Sejak memutuskan untuk menjadi seorang full-time blogger dan akhirnya sekarang sedang merintis perusahaan web publishing, saya selalu berusaha untuk mencari lingkungan dan circle yang benar-benar tepat. Dengan menjadi coffee shop hopper, saya berpikir bahwa suatu saat saya akan bertemu dengan orang yang sefrekuensi. Atau paling tidak yang sama-sama bekerja di industri kreatif sehingga kami bisa saling tukar ide dan cerita. Ternyata tidak seperti itu kenyataannya. Saya lupa bahwa ketika seseorang pergi ke coffee shop untuk bekerja, ya tujuannya cuma kerja lalu pulang. Bukan untuk cari koneksi atau semacamnya. Lagi pula, untuk orang yang tidak mudah dan pandai bergaul seperti saya, coffee shop sepertinya bukan tempat yang tepat untuk mencari teman sefrekuensi.

Koneksi buat apaan sih?

Pertanyaan ngehe. Tapi dulu saya juga sempat berpikir begitu. Buat apa sih koneksi? Toh sejauh ini saya bisa hidup tanpa mengandalkan koneksi.

Saya baru tahu pentingnya koneksi ketika pertama kali kepikiran untuk merintis perusahaan. Bukan untuk mencari pendanaan atau semacamnya karna saya memang tak ada niat ke sana. Tapi lebih ke pembentukan tim. Untuk mencari sumber daya manusia untuk membentuk sebuah tim, koneksi ternyata cukup penting. Saya bisa memanfaatkan koneksi yang saya punya untuk mencari rekomendasi seseorang untuk mengisi posisi tertentu di tim, misalnya. Setidaknya itulah yang saya yakini. Selain itu, memiliki banyak koneksi mungkin juga akan mendekatkan kita pada jodoh wkwkwk.

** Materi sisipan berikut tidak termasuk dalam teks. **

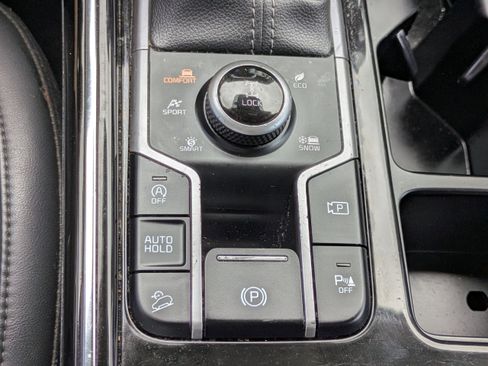 Used 2023 Kia Sorento SX AWD/4WD image 34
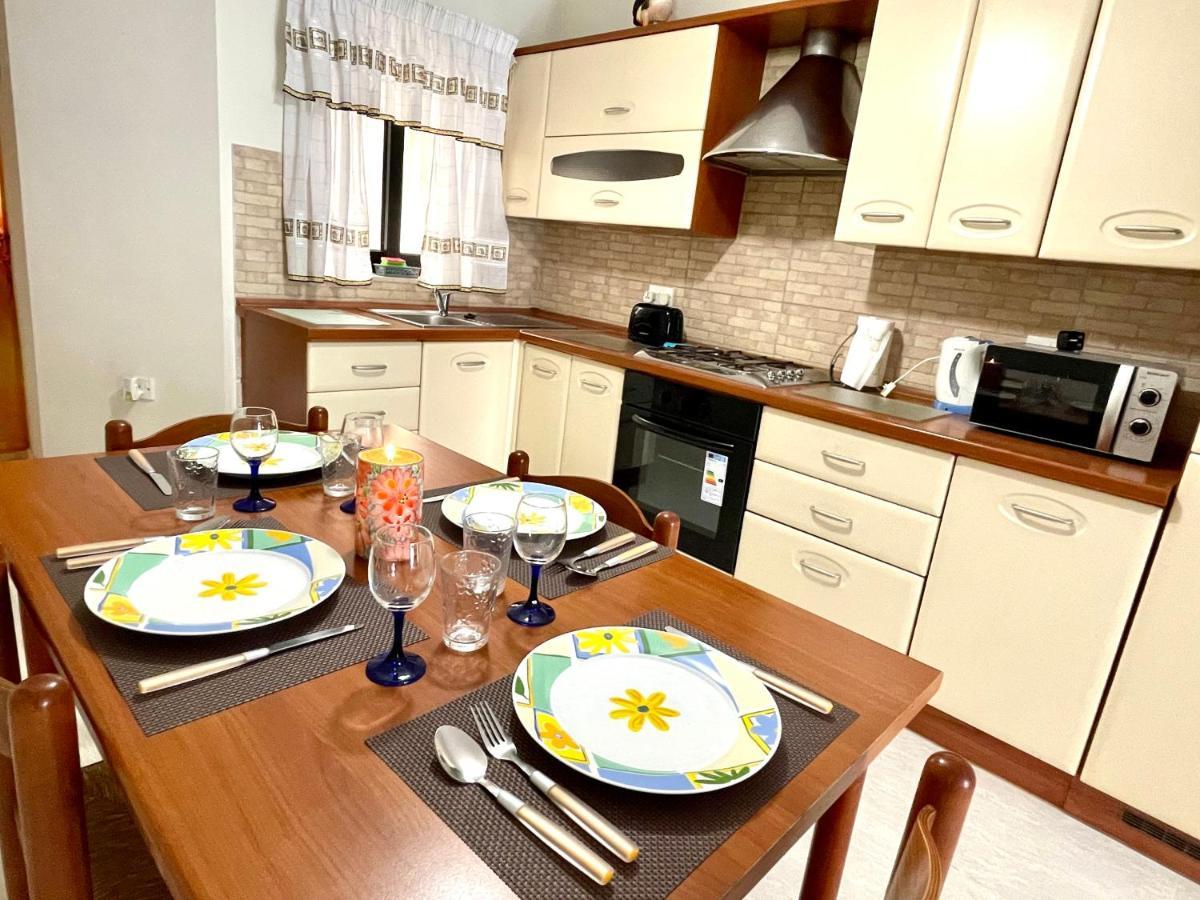 Apartment Regent Court - 3 Bedroom Within Walking Distance From Seafront *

Saya berharap dengan berkantor di El Samara — walau cuma sementara — saya bisa mendapatkan apa yang saya butuhkan untuk menumbuhkan usaha yang saat ini sedang saya rintis. Dan semoga pula, kehadiran saya juga bisa memberi manfaat untuk yang lainnya seperti yang selalu dan selalu saya cita dan doakan.